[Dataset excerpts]
↓

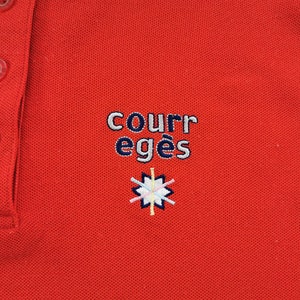 K&ouml;nnte beinhalten: Ein rotes Poloshirt mit drei transparenten Kn&ouml;pfen und einem Kragen. Auf dem Shirt ist der Text "COURR eges" in Wei&szlig; und Marineblau sowie ein kleines, farbenfrohes Emblem gestickt.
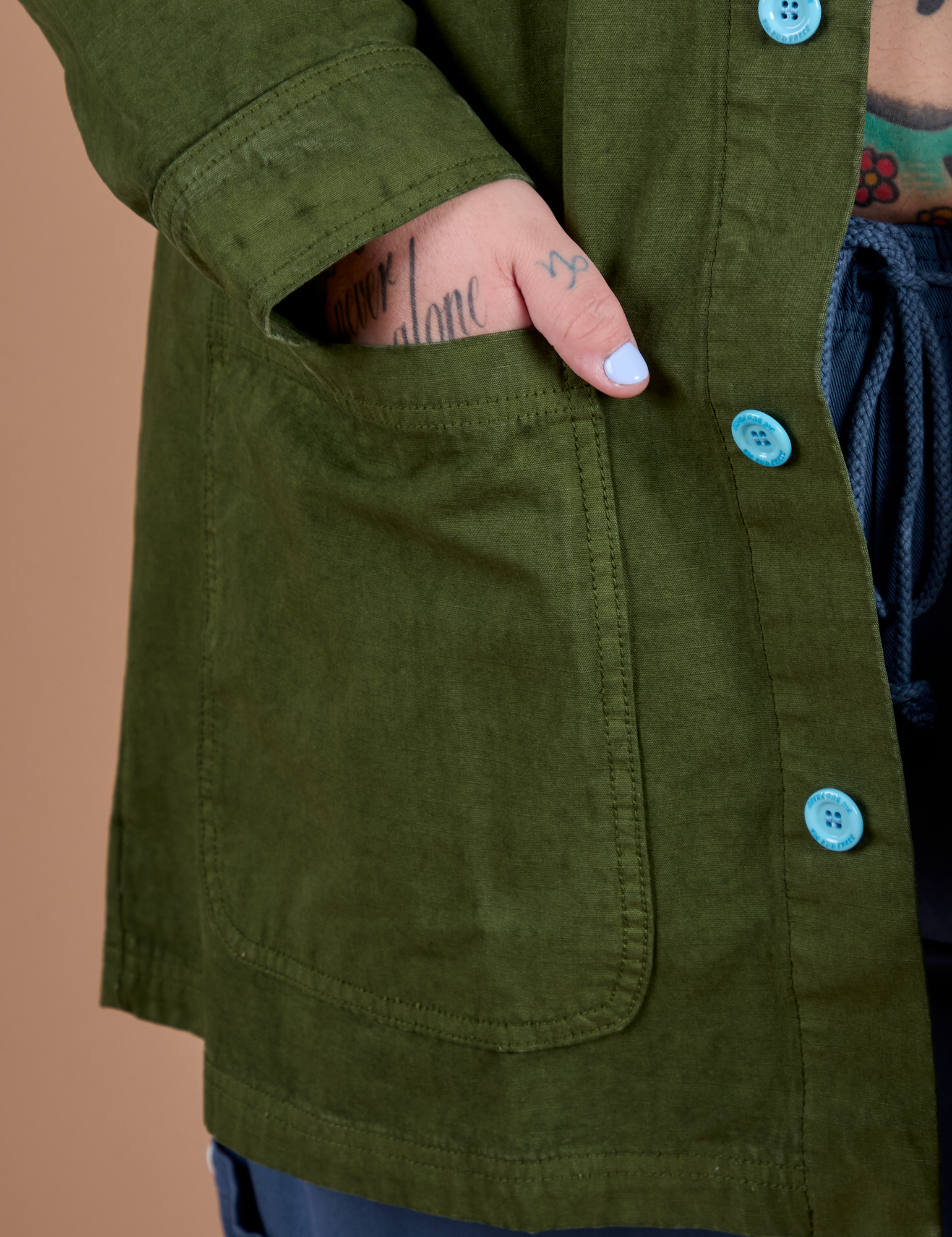 Close up of Sam's hand in the front pocket of Ripstop Field Coat in Evergreen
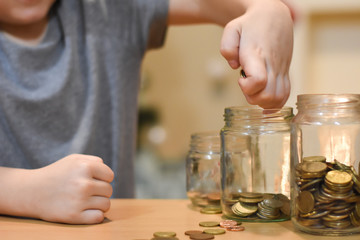Boy putting coins in a glass jar. Concept of saving. Child save money for Christmas presents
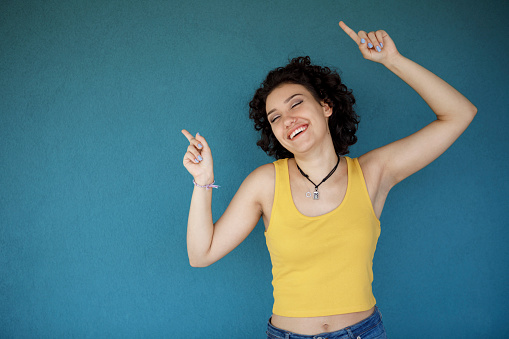 Young happy woman dancing against blue background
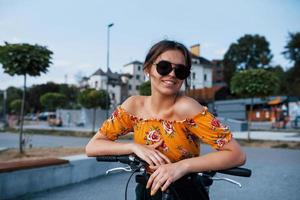 portret van positief jong meisje in zonnebril dat staat met haar fiets foto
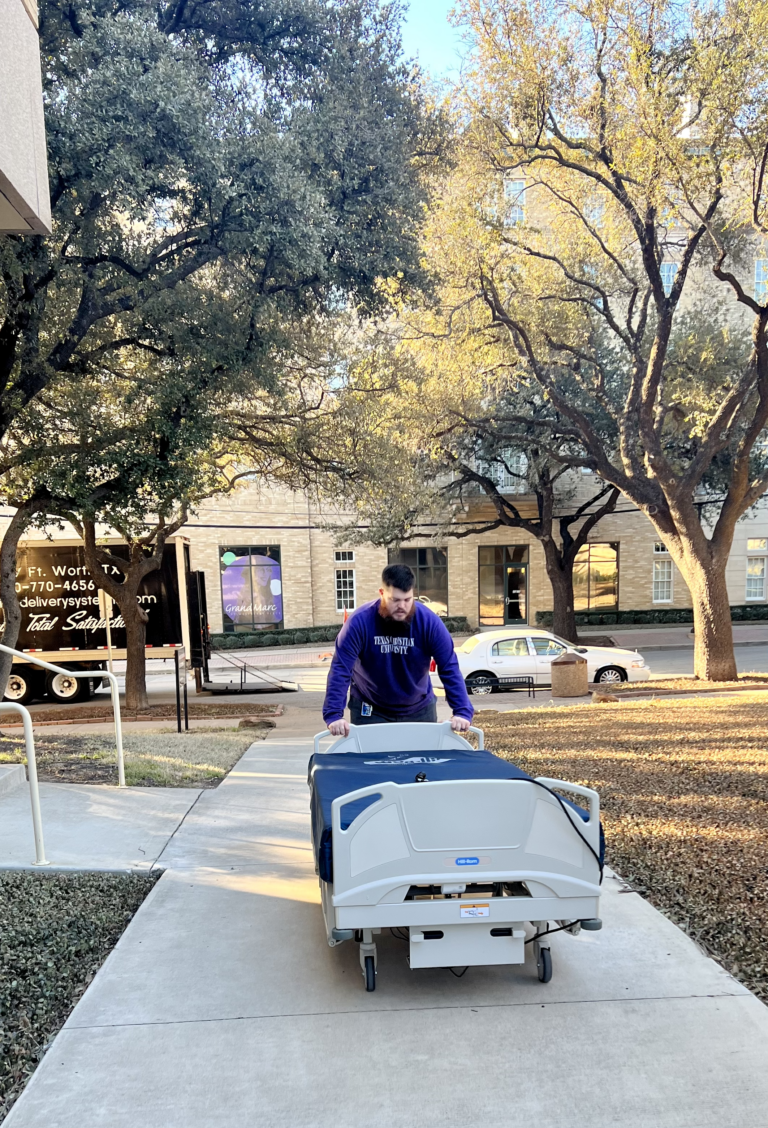 hospital bed being pushed on campus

↑

# Exercise requirements
Down to the last line, set down the data above exactly, and omit all images.

# Response box
 K&ouml;nnte beinhalten: Ein rotes Poloshirt mit drei transparenten Kn&ouml;pfen und einem Kragen. Auf dem Shirt ist der Text "COURR eges" in Wei&szlig; und Marineblau sowie ein kleines, farbenfrohes Emblem gestickt.
 Close up of Sam's hand in the front pocket of Ripstop Field Coat in Evergreen
Boy putting coins in a glass jar. Concept of saving. Child save money for Christmas presents
 Young happy woman dancing against blue background
 portret van positief jong meisje in zonnebril dat staat met haar fiets foto
 hospital bed being pushed on campus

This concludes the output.